Climate change is causing longer growing seasons that produce bigger trees but they may be soaking up less carbon dioxide (CO2). A study slated for publication later this year in Forest and Ecology Management suggests that higher temperatures — as well air pollution from car exhausts, farms, and industry and more nitrogen in the soil from agricultural fertilizer (1) — are making wood weaker (2).
Hans Pretzsch, a forest scientist at the Technical University of Munich in Germany and colleagues collected core samples from forests of Central Europe ― including Norway spruce (Picea abies), sessile oak (Quercus petraea), European beech (Fagus sylvatica), and Scots pine (Pinus sylvestris) — and analyzed the tree rings using a high-frequency probe.

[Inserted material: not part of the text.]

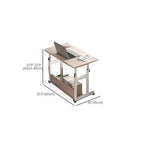 Trendy Engineered Wood Laptop Cart with Flexible Height, Casters, and Shelves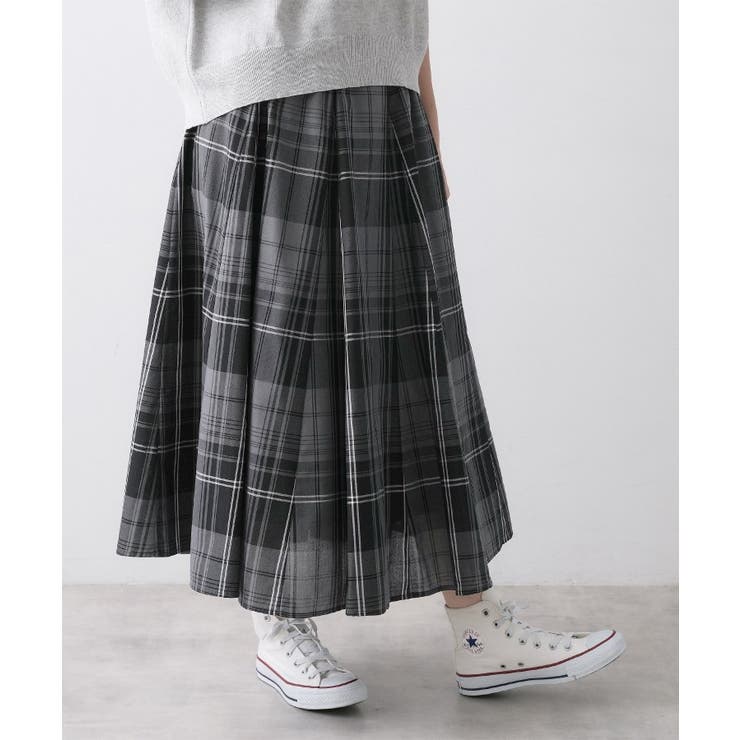 【ウエストゴム/洗える】映えチェック柄スカート | Dessin | 詳細画像6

All species of trees were found to exhibit a significant decrease in wood density of 8 – 12% compared to 100 years ago.
As the density of wood decreases, its carbon content also decreases by about 50%, which implies trees are soaking up less CO2 from the atmosphere. However, the fact that trees have been growing so quickly may more than compensate for this. The growth of certain tree species has increased by nearly 77% since 1870 (3). Pekka Kauppi, an environmental scientist at the University of Helsinki told Science, “The negative change of wood density is by far less important than the positive change,” referring to the change from shrinking to expanding forests.
Moreover, density changes are not the only effect climate change is having on trees. As the global climate continues to warm, increased plant growth is boosting the production of biogenic volatile organic compounds (BVOCs). Another research paper published in the journal Nature Geoscience Letters on 20 August found that the “smell” of a forest is, in fact, owing to large quantities of these so-called BVOCs, which are increasing the scattering of direct sunlight allowing it to reach a wider plant-canopy (4).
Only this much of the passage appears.